Description
Hi,
In the context of a Rails application, I have to process huge XML documents that are "flat". I mean, they could just have been CSV documents instead of XML, but the source provides only XML.
While it appears to work well in MRI, with jruby the memory consumption is very high, and at some point the process is stuck (out of memory).

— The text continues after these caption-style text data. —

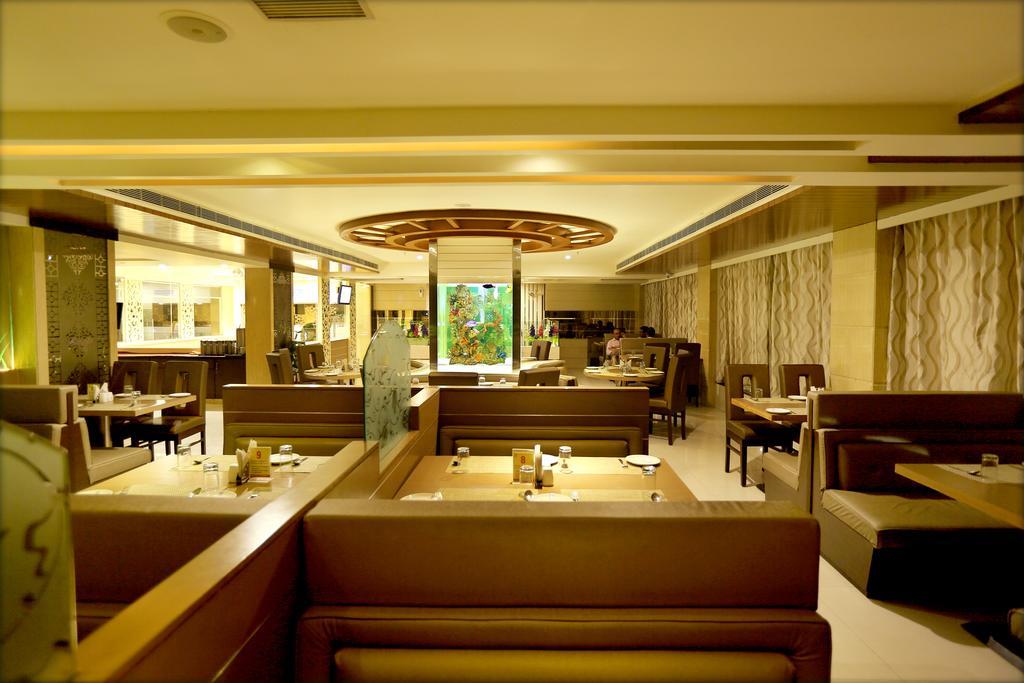 Swagath Grand Suchitra Hotell Hyderabad Eksteriør bilde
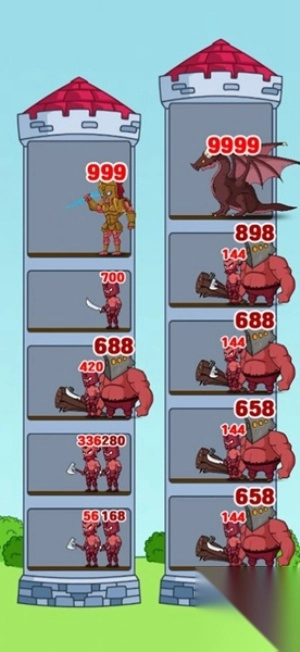 英雄城堡安卓版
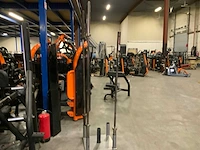 Onbekend 50mm stangen 3x krachtstation - afbeelding 4 van  4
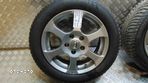 FELGI ALUMINIOWE ALUFELGI OPONY ZIMA 205/55/16 VW 5X112 KBA47004 2011R - 2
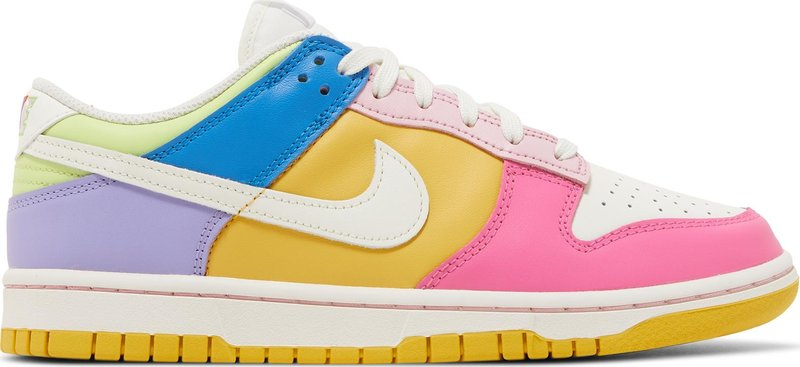 Wmns Dunk Low 'Multi-Color' FD9923-111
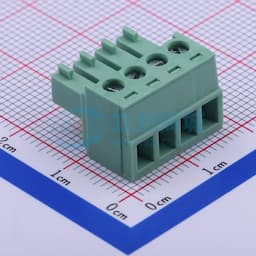 1x4P 3.81mm 排数:1 每排P数:4缩略图
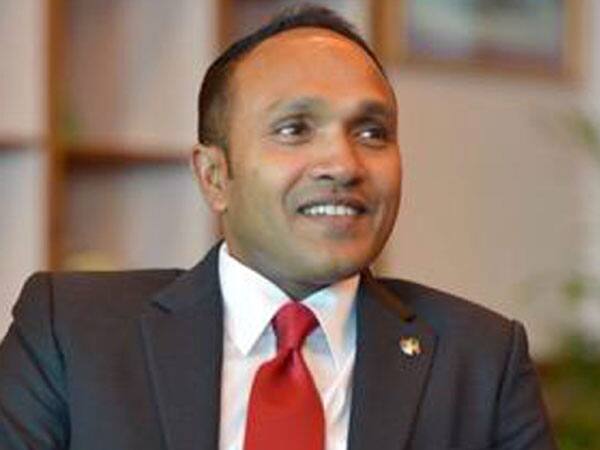 Ex-Maldives VP meets EU officials Ex-Maldives VP meets EU officials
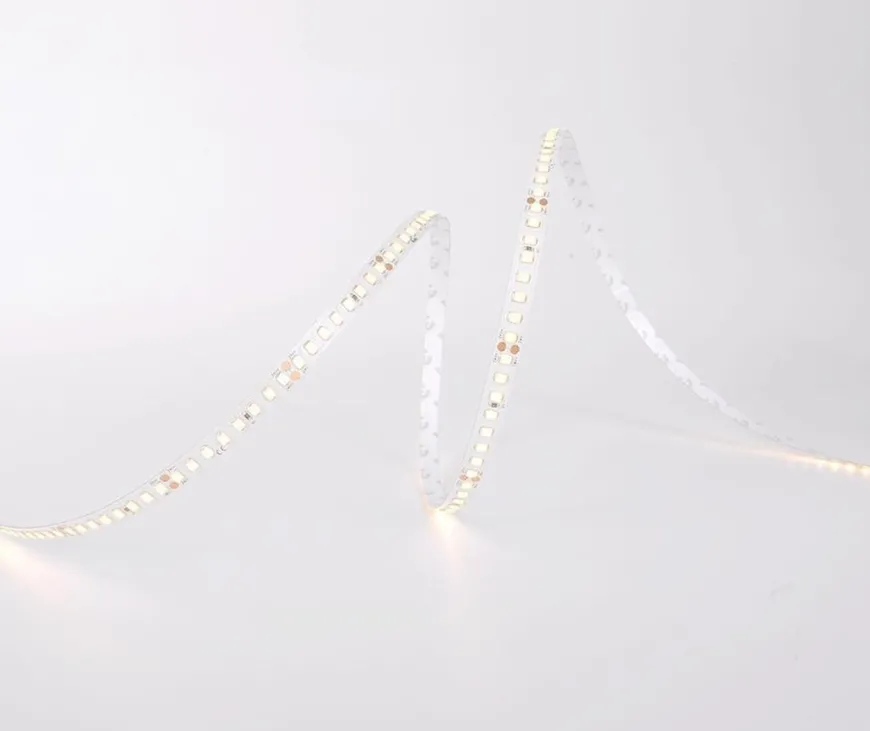 LED Strip 12W 24 Volt IP67 3000 Kelvin - 2 meter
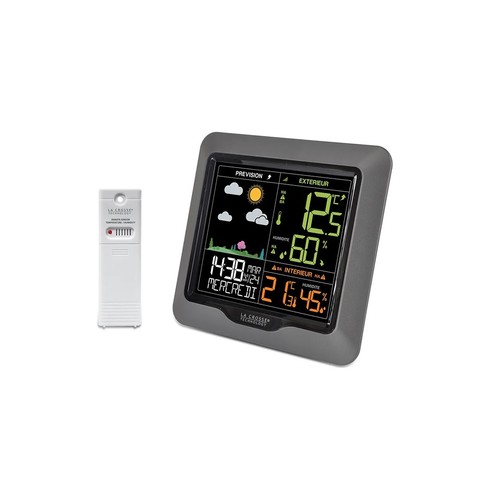 Crosse technology station - technology,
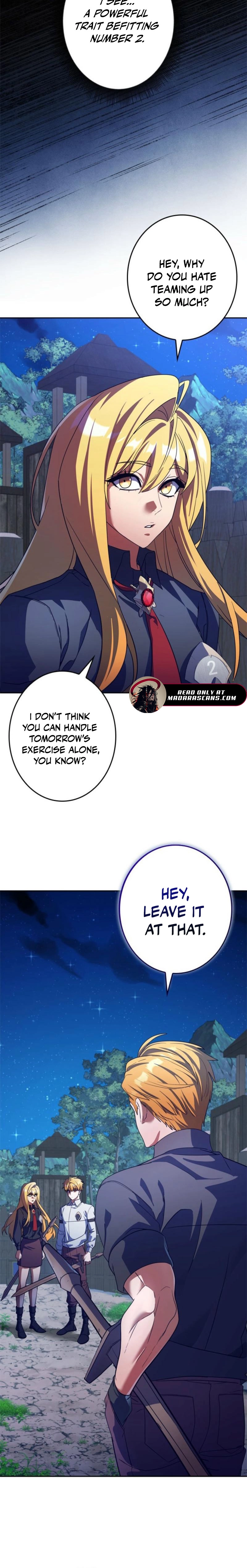 The Sword Emperor Who Surpasses His Previous Life Chapter 4 - page 8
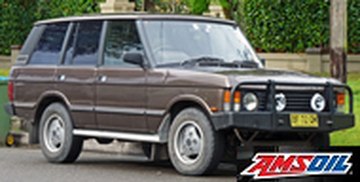 Motor oil designed for your 1989 Land Rover RANGE ROVER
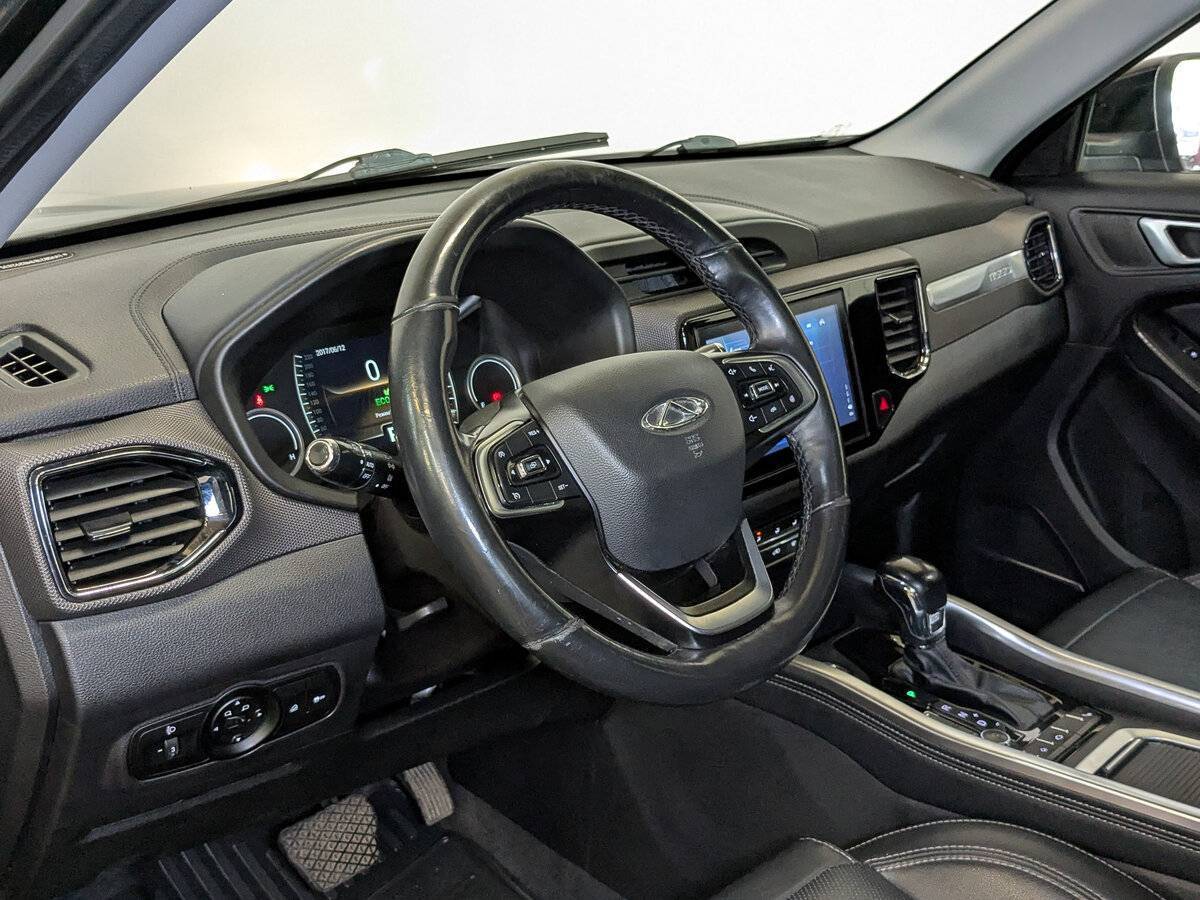 Купить Chery Tiggo 4 с пробегом. Фото: #15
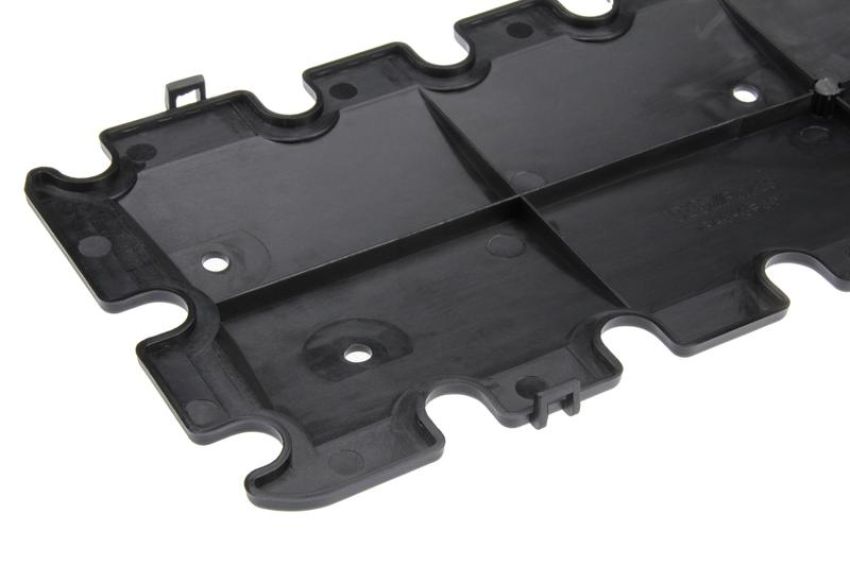 URO Parts 11141736106 Engine Valley Block Cover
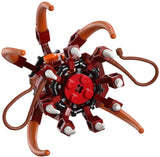 LEGO Star Wars 75180 - L'évasion des Rathtar - tentacules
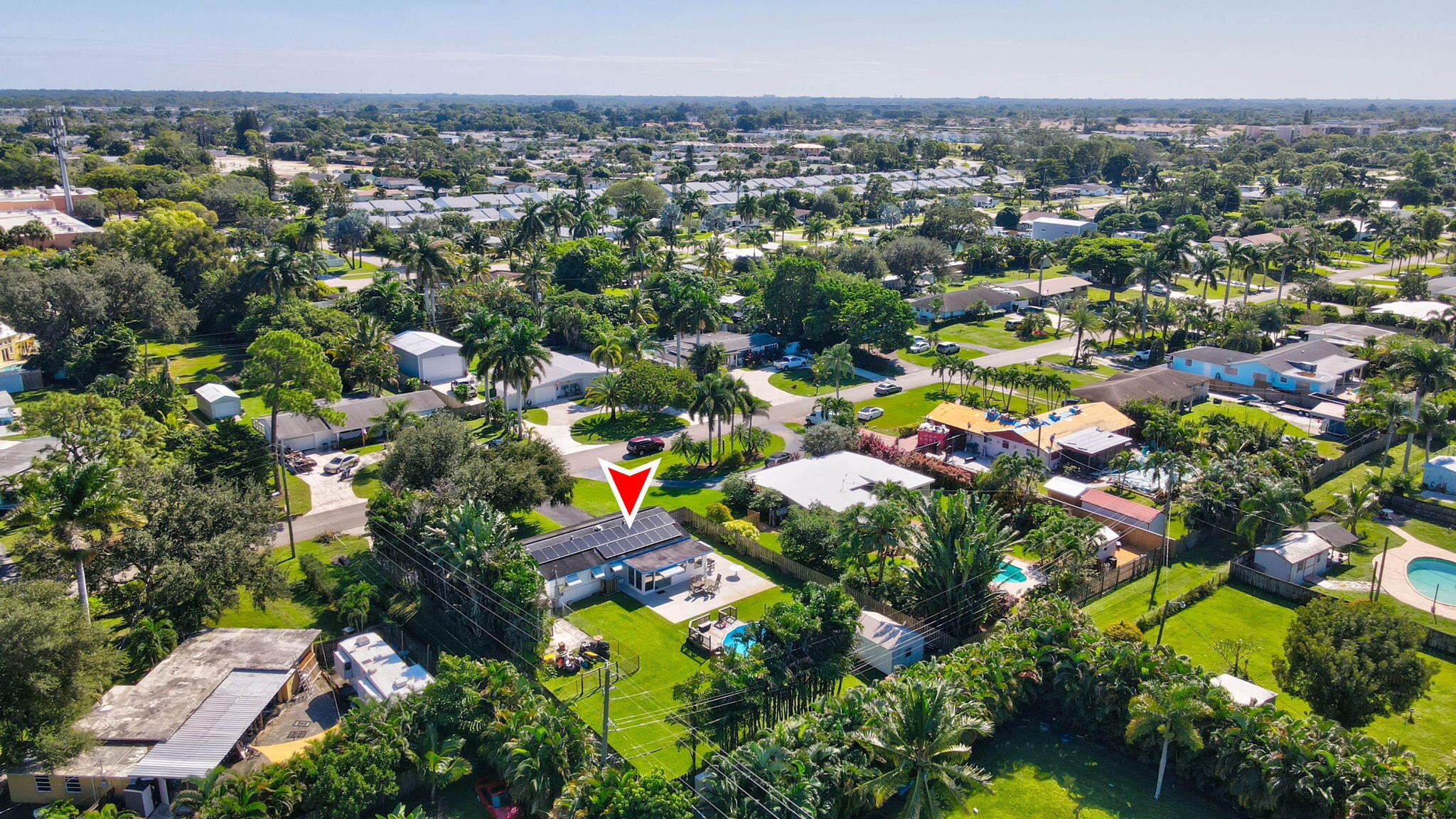 32 Dayton Road Lake Worth, FL 33467 - Photo 19 of 38 21-web-or-mls-DJI_0041_2_3_4_5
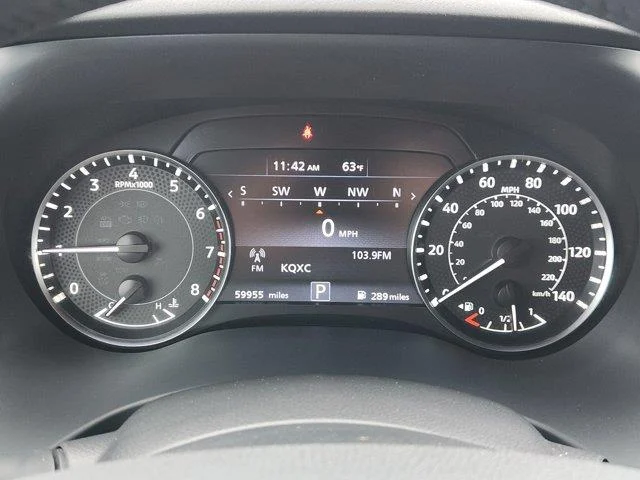 Used 2023 Super Black Nissan SL 4x2 image 15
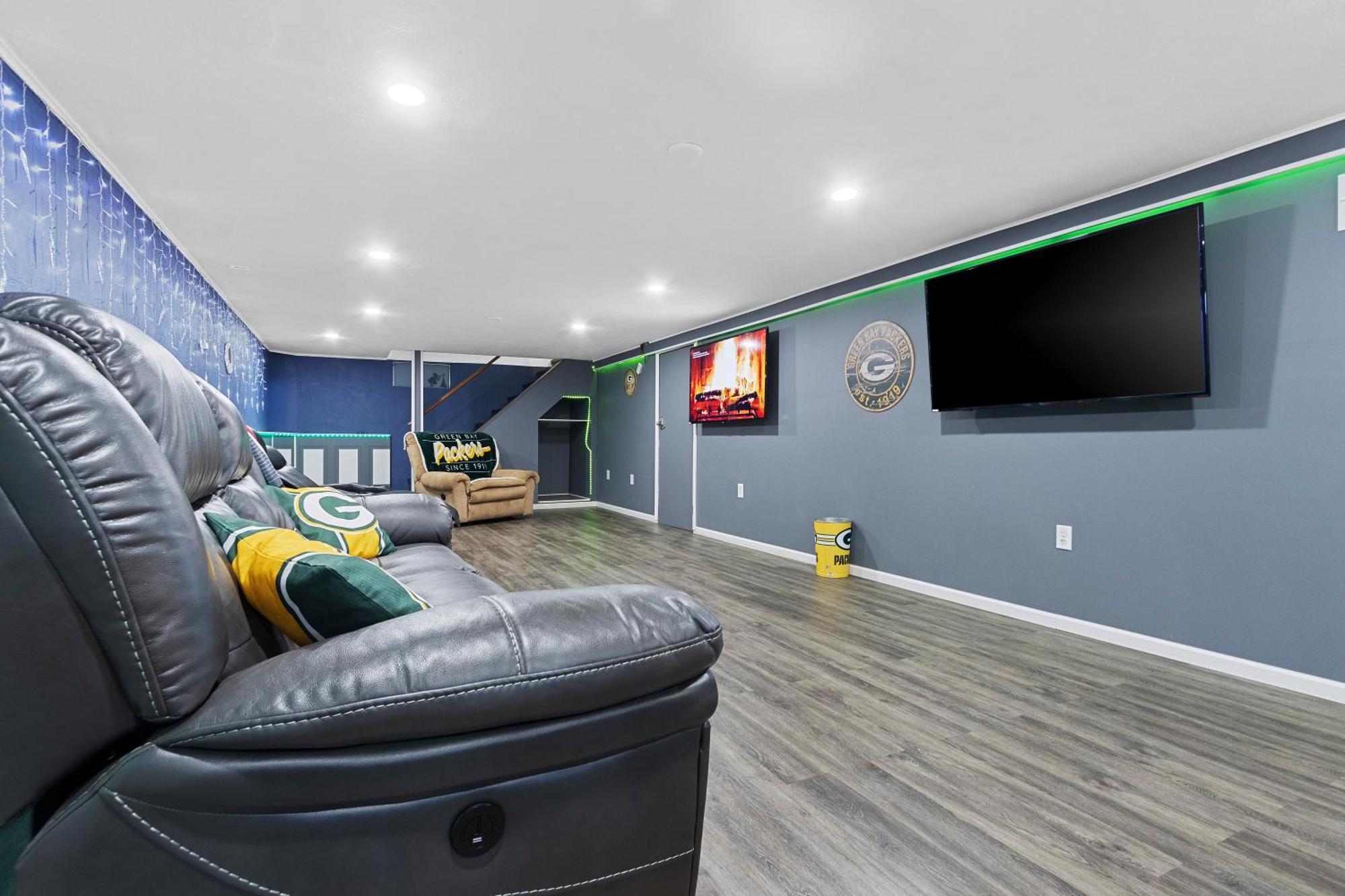 The Lemon House Apartment Green Bay Luaran gambar
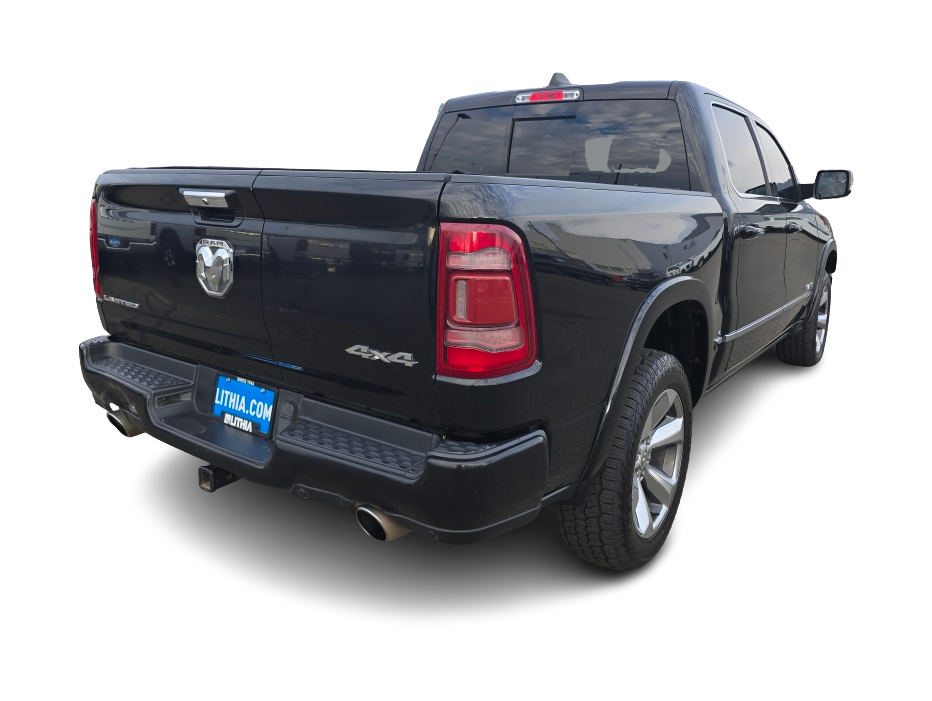 Thumbnail: 2019 RAM 1500 - 14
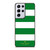 KATE SPADE GREEN STRIPE Samsung Galaxy S21 Ultra Case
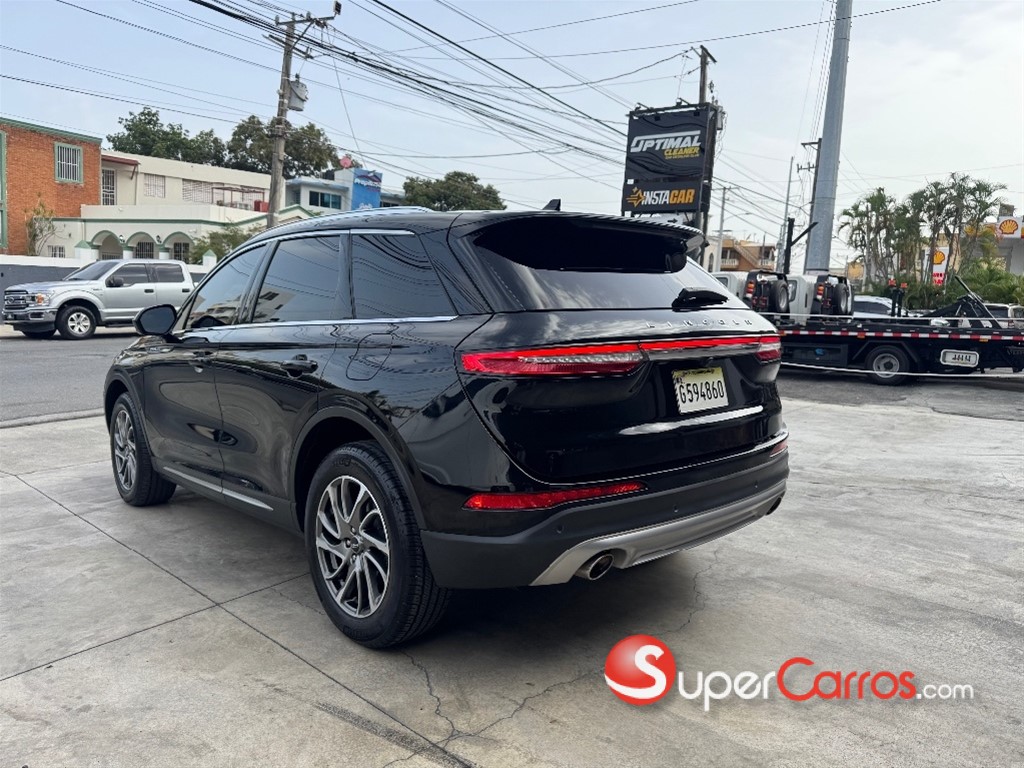 2022 Lincoln Corsair — foto 9 / 9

The following stupid script mimics the problem I face:
p = Pathname.new('big.xml')
n = 10_000_000
ping = -> (msg) { puts "#{Time.now}: #{msg}" }
p.open('w') { |f|
f.puts "<foos>"
n.times{ f.puts " <foo>Hello World</foo>" }
f.puts "</foos>"
}
ping['before']
c = 0
Nokogiri::XML.Reader(p.open).each do |node|
ping[c] if c % 1_000_000 == 0
c += 1
end
ping['after']
The documentation is somewhat ambiguous on how XML::Reader works. It is easy to understand "The Reader parser is good for when you need the speed of a SAX parser, but do not want to write a Document handler." as meaning "this is a SAX parser with a thin interface on top to make it easier than dealing with SAX yourself".
However the first node return by XML::Reader has the whole document as inner_xml, so I am wondering if XML::Reader is really SAX.
What we need in a document that looks like
<foos>
<foo>...</foo>
<foo>...</foo>
<foo>...</foo>
...
<foo>...</foo>
<foos>
is to iterate just on the entries. What is the recommendation in such a case?
Thanks a lot for Nokogiri